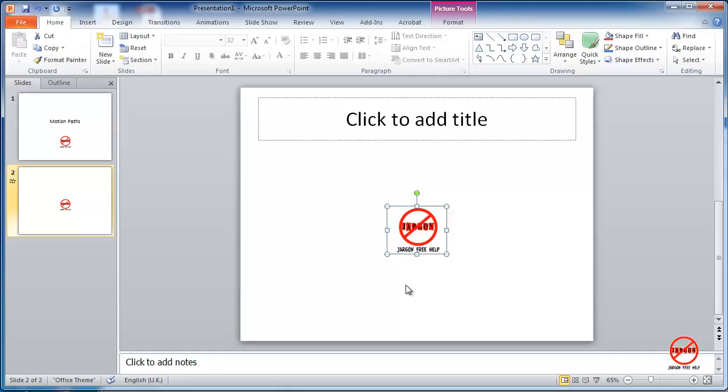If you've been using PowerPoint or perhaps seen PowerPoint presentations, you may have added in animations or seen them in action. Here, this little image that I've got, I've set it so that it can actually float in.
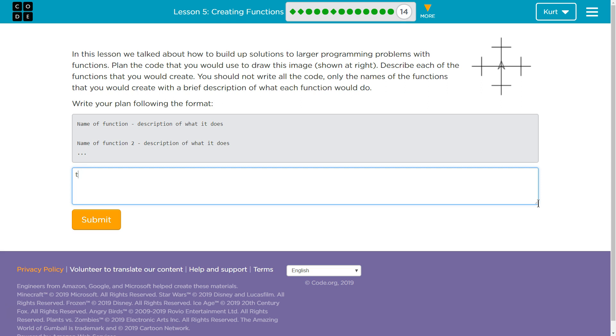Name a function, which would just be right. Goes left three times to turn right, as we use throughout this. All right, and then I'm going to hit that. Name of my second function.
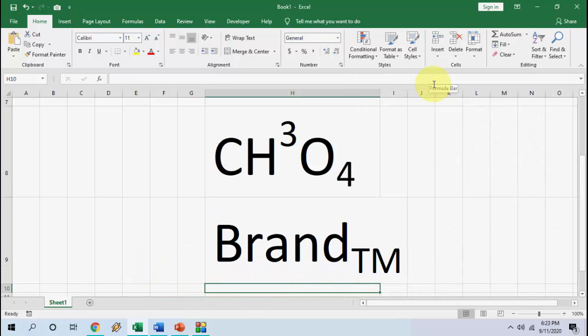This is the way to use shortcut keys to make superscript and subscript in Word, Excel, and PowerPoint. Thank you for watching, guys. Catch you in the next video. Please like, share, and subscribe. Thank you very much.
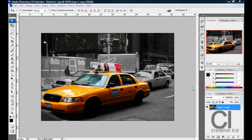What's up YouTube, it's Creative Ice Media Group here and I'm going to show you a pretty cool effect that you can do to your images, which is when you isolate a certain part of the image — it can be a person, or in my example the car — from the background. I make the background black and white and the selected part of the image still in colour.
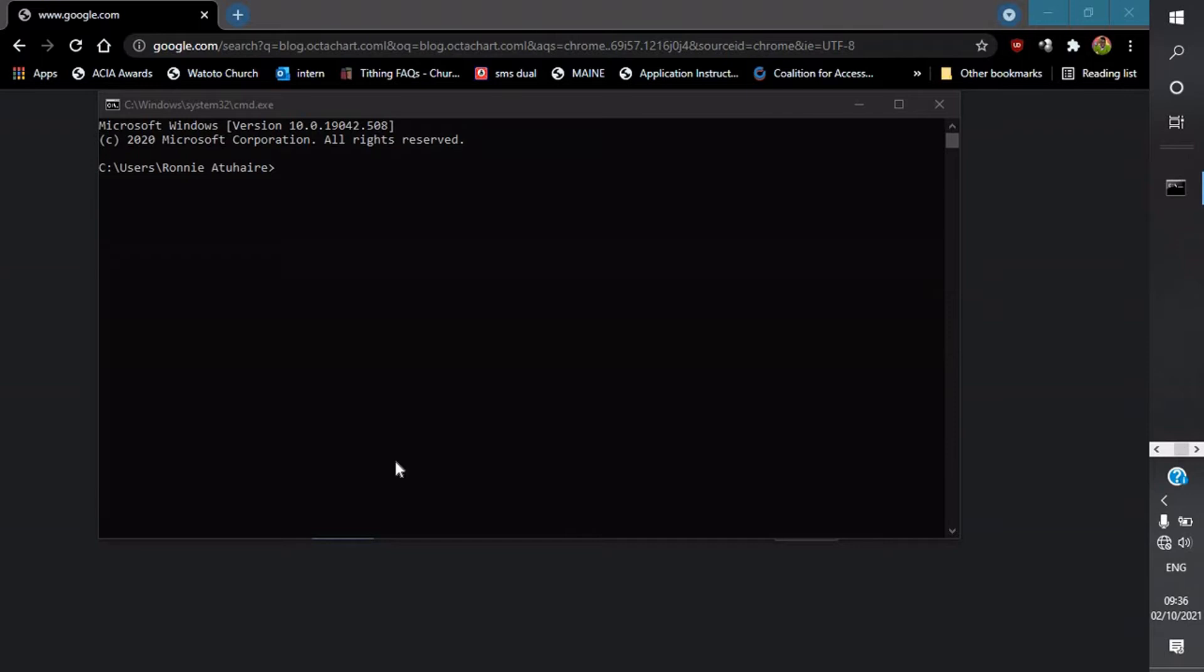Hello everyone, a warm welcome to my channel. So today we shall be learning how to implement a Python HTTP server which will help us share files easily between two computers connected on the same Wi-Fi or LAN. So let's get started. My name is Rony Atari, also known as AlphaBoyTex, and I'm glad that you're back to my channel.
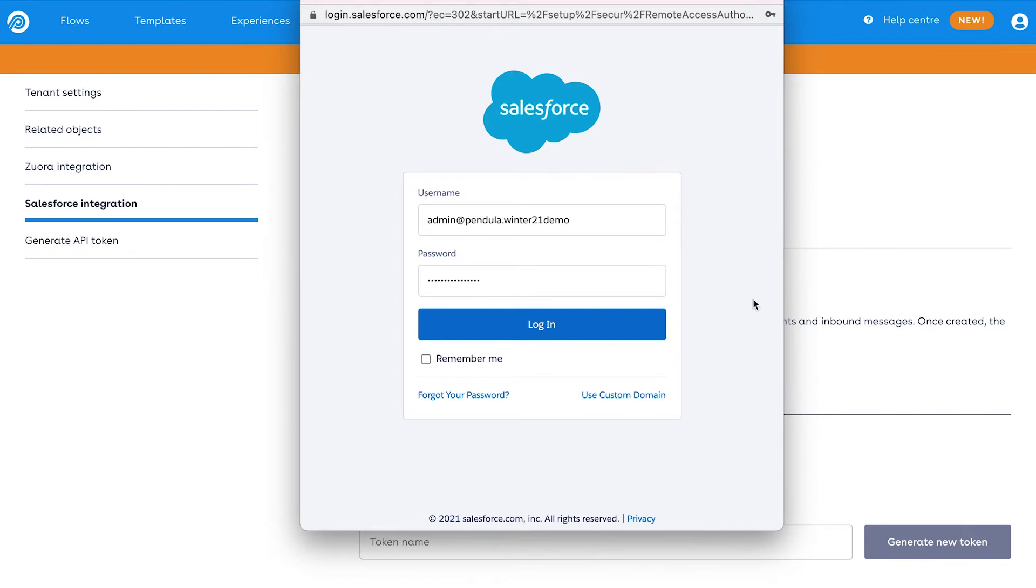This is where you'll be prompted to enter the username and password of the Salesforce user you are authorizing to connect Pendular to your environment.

--

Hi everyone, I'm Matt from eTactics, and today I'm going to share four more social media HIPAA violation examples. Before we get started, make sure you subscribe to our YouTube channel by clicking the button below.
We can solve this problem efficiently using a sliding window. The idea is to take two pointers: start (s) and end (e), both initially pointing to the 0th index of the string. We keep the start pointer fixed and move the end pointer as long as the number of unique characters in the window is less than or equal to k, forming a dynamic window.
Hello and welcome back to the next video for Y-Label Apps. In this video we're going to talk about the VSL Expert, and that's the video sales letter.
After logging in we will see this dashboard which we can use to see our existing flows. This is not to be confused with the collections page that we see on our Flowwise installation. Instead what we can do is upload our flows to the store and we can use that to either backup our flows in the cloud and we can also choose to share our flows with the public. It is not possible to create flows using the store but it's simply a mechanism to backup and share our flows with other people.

==

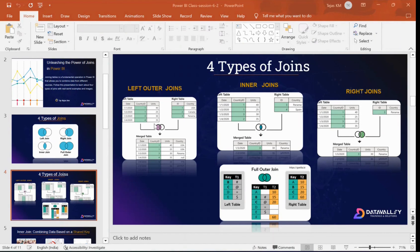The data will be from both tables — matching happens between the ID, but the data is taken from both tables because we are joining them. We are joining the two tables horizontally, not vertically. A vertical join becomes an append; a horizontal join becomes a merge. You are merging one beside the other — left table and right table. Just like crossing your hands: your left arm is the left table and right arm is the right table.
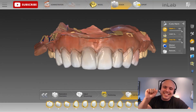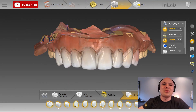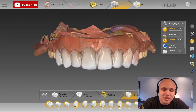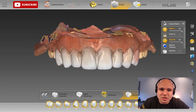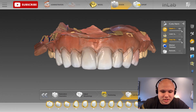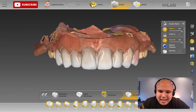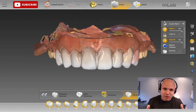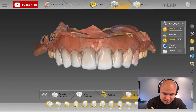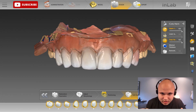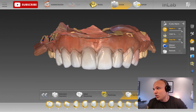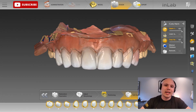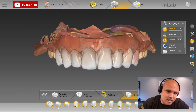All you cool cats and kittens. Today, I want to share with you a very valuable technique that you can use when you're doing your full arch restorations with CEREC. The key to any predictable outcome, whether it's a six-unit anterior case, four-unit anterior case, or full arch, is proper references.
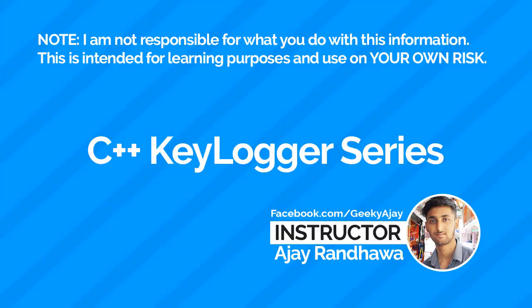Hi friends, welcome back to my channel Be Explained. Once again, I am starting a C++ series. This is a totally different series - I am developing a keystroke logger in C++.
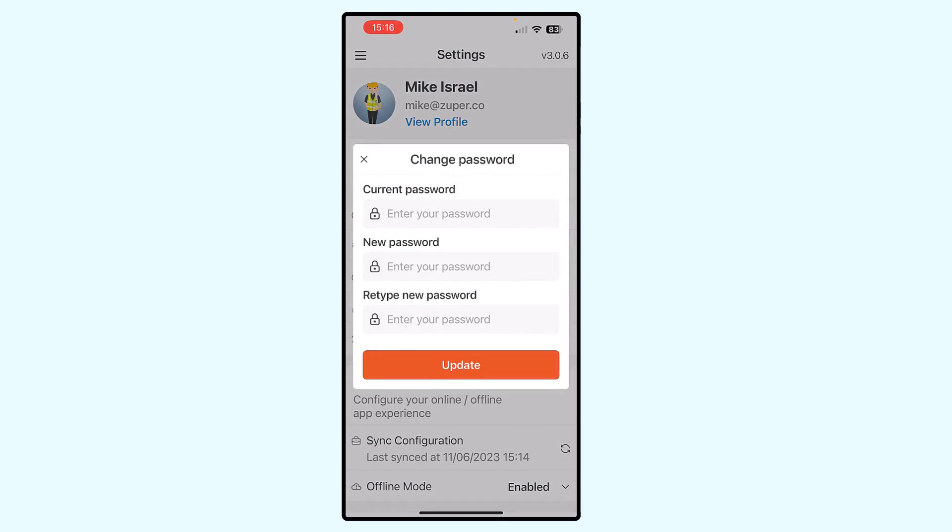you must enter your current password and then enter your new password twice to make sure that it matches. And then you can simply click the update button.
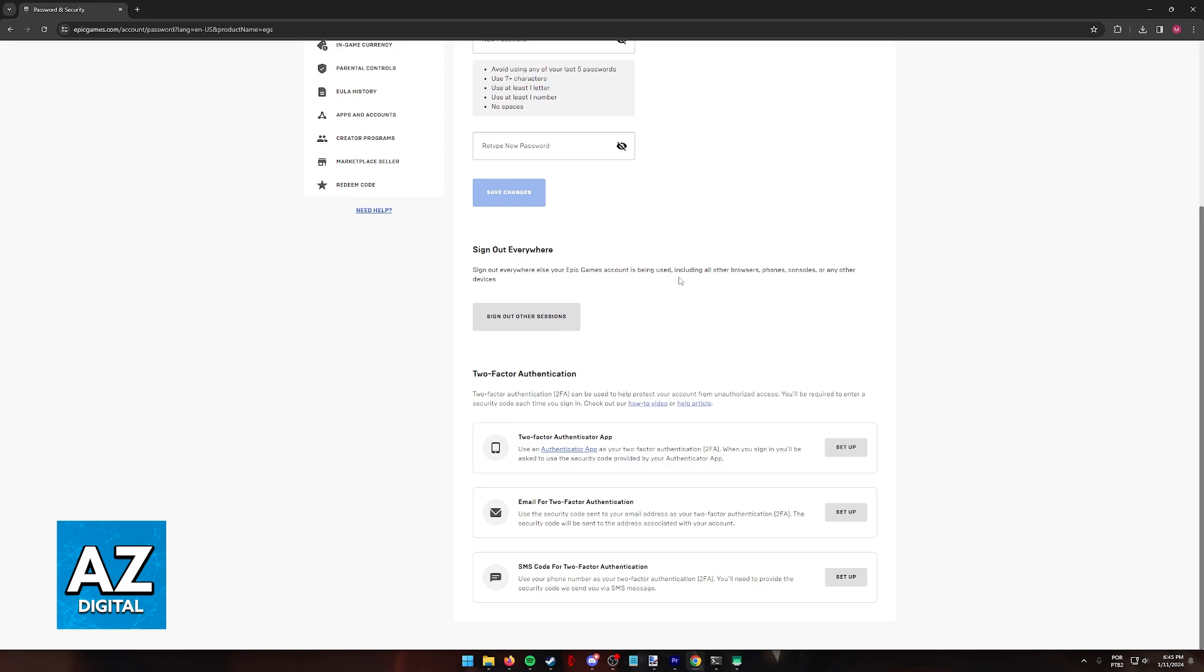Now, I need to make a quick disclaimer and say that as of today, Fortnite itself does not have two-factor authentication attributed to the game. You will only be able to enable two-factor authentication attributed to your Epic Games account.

__WHAT YOU SHOULD DO__: What is wanted is an exact copy of the lines above from the one containing "What's up YouTube, it's" through the one containing "This is where", with no pictures in it.

__REPLY TO THE EXERCISE__:
What's up YouTube, it's Creative Ice Media Group here and I'm going to show you a pretty cool effect that you can do to your images, which is when you isolate a certain part of the image — it can be a person, or in my example the car — from the background. I make the background black and white and the selected part of the image still in colour.
Hello everyone, a warm welcome to my channel. So today we shall be learning how to implement a Python HTTP server which will help us share files easily between two computers connected on the same Wi-Fi or LAN. So let's get started. My name is Rony Atari, also known as AlphaBoyTex, and I'm glad that you're back to my channel.
This is where you'll be prompted to enter the username and password of the Salesforce user you are authorizing to connect Pendular to your environment.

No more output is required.